The brushes are Rosemary & Co - a size 10 and a new size 2 sable, and I was also using a Faber Castell watersoluble graphite pencil and a Copic cool grey felt tip pen.

The markets in Cambridge are open every day, but with different stalls on different days. I bought a lot of gorgeous fresh summer berries :-)

I also spent some time sketching from this shaded position - a rather nice view of Great St Mary's from the rear. It's a very important church for the university - all Cambridge students must live within 3 miles of it. On graduation day they parade to the church, and then into the Senate building to be presented with their degrees.

Great St Mary's, Cambridge, in The perfect sketchbook B5. Stage one.
A visit to Cambridge wouldn't be the same without enjoying some of the college gardens, checking out the freshly made fudge shop, a high tea, a cello and violin concert in a stunning chapel and an open air Shakespeare - all with my lovely daughter as my tour guide! 

Walking around in Cambridge, like Bath, is lovely. I feel there are more historical buildings in one English city than in my whole country! Fortunately many of them are beautifully preserved.

I'll come back next year and finish my painting :-)

Sunday 28 August 2016

Teaching in Bath, United Kingdom. July 2016.

I flew into Heathrow and headed straight to Bath to prepare to teach another 5 day watercolour workshop. It's terrific having that much time to thoroughly introduce watercolour to both new and more experienced participants.

My students spent the week getting familiar with their colours, making colour wheels and charts and painting a range of studies exploring many watercolour techniques. Washes, softening edges, glazing, wet-in-wet, dry-brush, splatter, salt...so many techniques to play with and explore :-)
Before and after classes, I headed down to the river to sketch the beautiful Pulteney Bridge - one of only three such bridges in the world, the others being the Rialto and the Ponte Vecchio.

Bath is full of gorgeous sandstone. We sketching just a little as part of the watercolour workshop and will do a little more in the repeat workshop in July 2017. We are considering an Urban Sketching week in 2018 though need to figure out great locations in case of rain.

I visited the Roman Baths in the evening.

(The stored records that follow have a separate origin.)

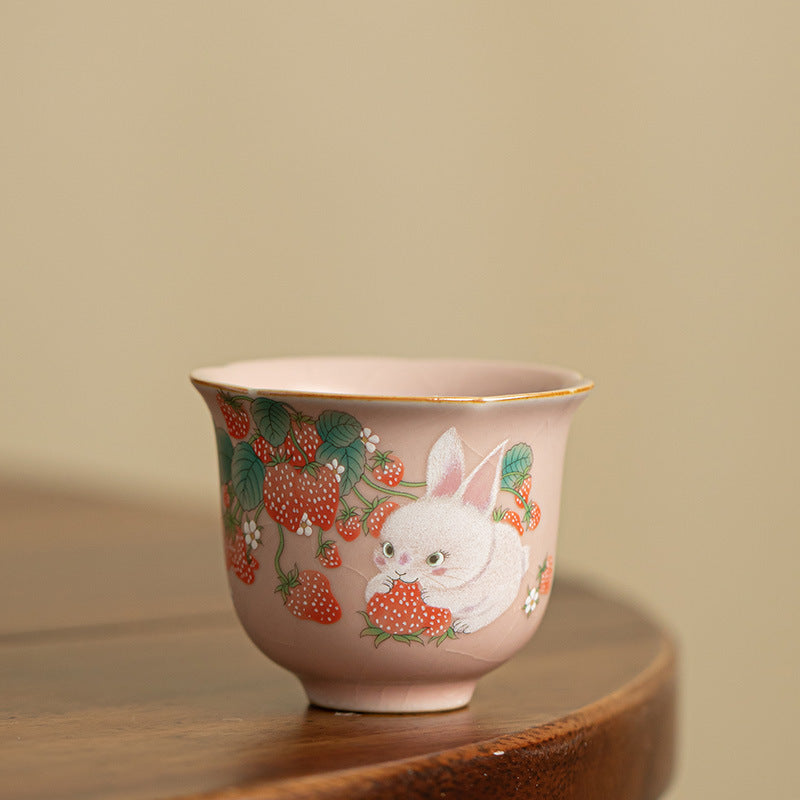 Authentic Song Ru Ware Pink Celadon Petal-Mouth Rabbit Master Tasting Cup - 85ml Gongfu Teacup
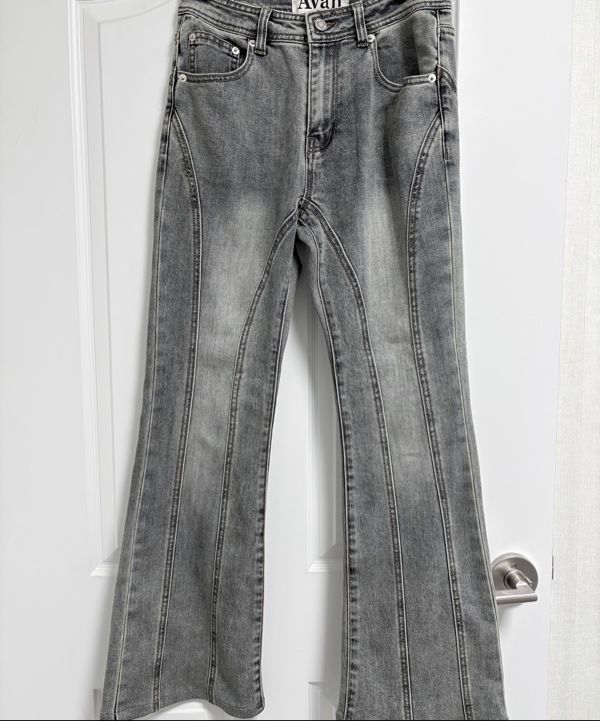 MUSINSA | AVANDRESS Thin Bootscut Pants WASHING BLACK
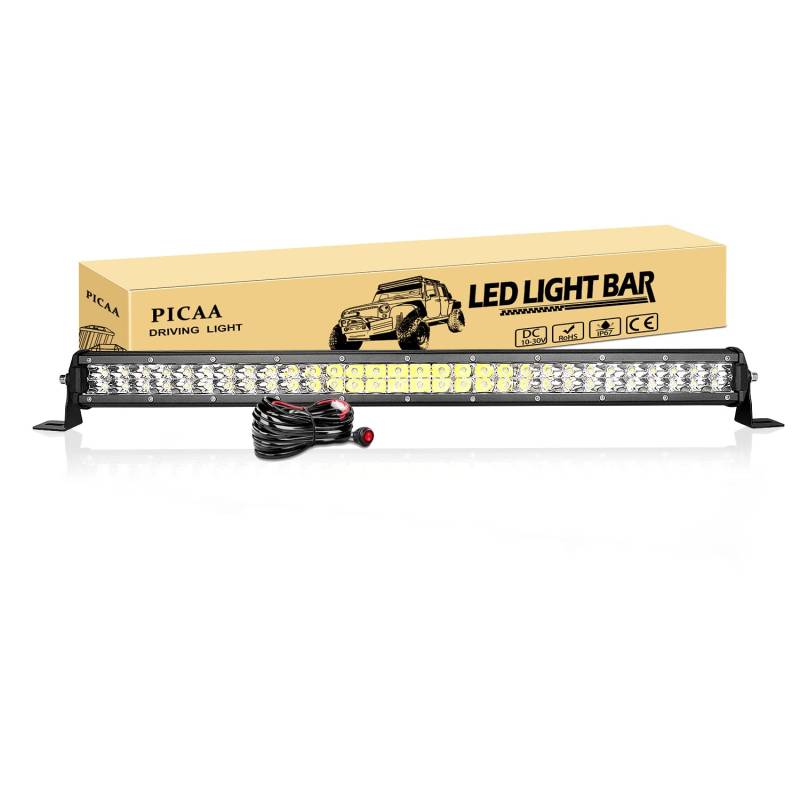 PICAA Led Arbeitsscheinwerfer, 24 Zoll 61CM 180W Led Lichtbalken, mit 12V Kabel, 6000K Slim Led Zusatzscheinwerfer Bar Spot LED Arbeit Licht Bar für SUV Offroad ATV UTV Traktor 4x4 Auto von PICAA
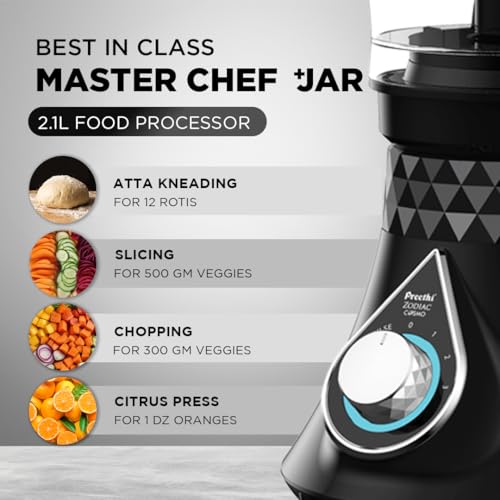 Preethi Plastic Zodiac Cosmo Mixer Grinder For Kitchen,5 Jars 750 Watt Mixie(Super Extractor Juicer Jar&Master Chef + Food Processor Jar),Black(Mg236) (Image - 5)
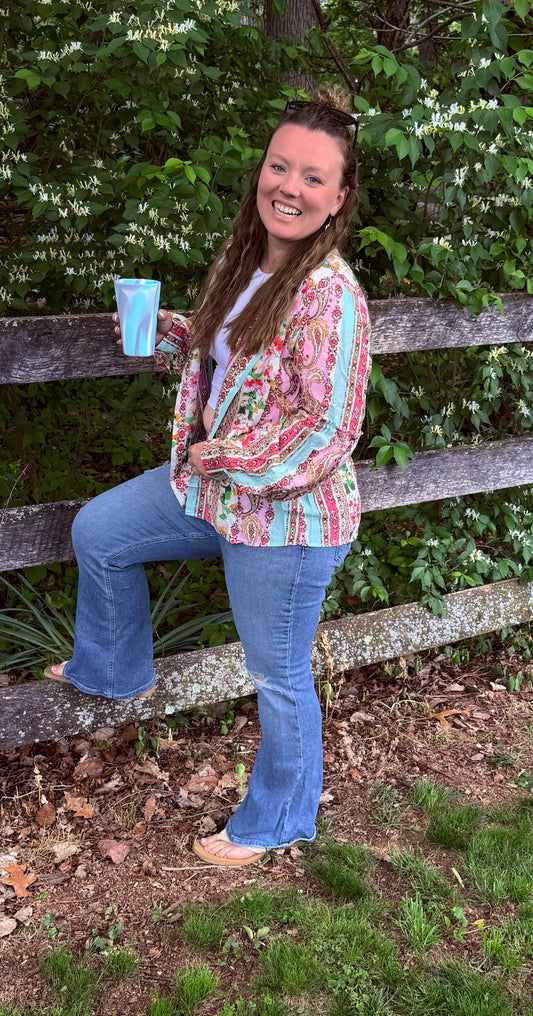 Boho Paisley Ruffle Long Sleeve Blouse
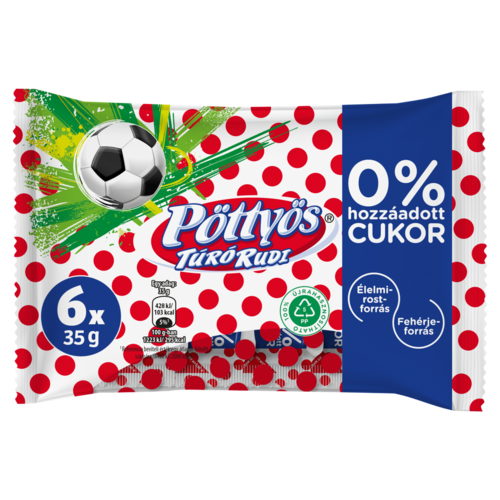 Pöttyös Túró Rudi natúr túródesszert kakaós étbevonattal, édesítőszerekkel 6 x 35 g (210 g)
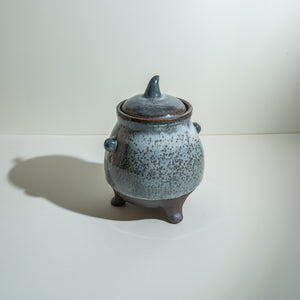 Speckled Blue Lidded Pot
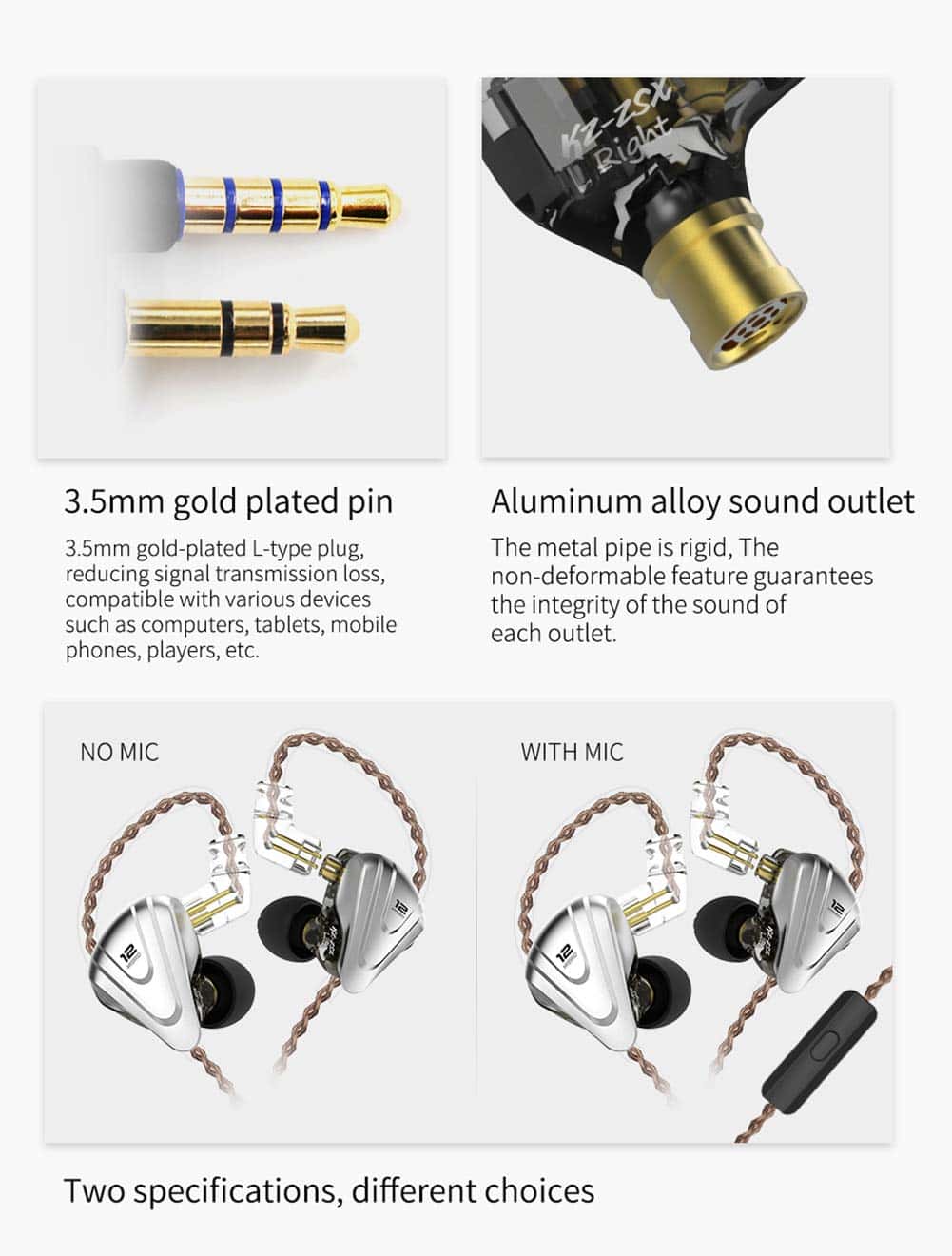 Audífonos intrauditivos de in-Ear, KZ ZSX 1DD + 5BA - Imagen 8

It's lovely to see the transition between the ancient bath house and the more recent upper story additions. 

I then visited the enormous Art in Action event, a massive festival of arts near Oxford, before catching a cross-country bus to Cambridge.

Friday 26 August 2016


Purples are easily mixed, but there are many different characteristics to explore - staining, granulating, lifting...Mixing yellows to neutralise purples creates another fabulous range of colours from deep greys through earthy colours depending on the colours chosen.

See more purples on my website here.

Thursday 25 August 2016

A busy month...Bathurst, NSW

July started out with a great week teaching a 5-day watercolour workshop in Bathurst, NSW. It's run by Art Scene, a terrific art store in Sydney. Up to 25 tutors and a couple of hundred students head to Bathurst twice a year for this Mitchell Summer or Winter Art School.

I taught Mastering Watercolours to a lovely group of participants. They worked very hard to explore their pigments, mix them to create colour wheels, colour charts and then a range of paintings to explore many different watercolour techniques. I'll do it again in January :-)

At the end of the week we had an exhibition of all the students' work arrange by tutor - very impressive.

Then I headed straight home to get on a plane to the UK...


The third week was reds. It's rather a long time ago now - I've been to Bathurst and the UK and back, then New Zealand and back. So much to write about...

I find reds fascinating. Adjust the bias from orange to purple and the mixing possibilities change dramatically. I tend to choose the semi-transparent reds though the cadmiums are excellent pigments. I like to use three reds rather than the standard warm and cool - a warm, a crimson and a rose red - great mixing options there.

I love the dramatic blacks and greys you can mix with a good strong crimson and phthalo green. And phthalo blue with a warm red won't make a purple. Fascinating :-)

My students had a go at painting a still life filled with red objects and using greens to create the shadow colours.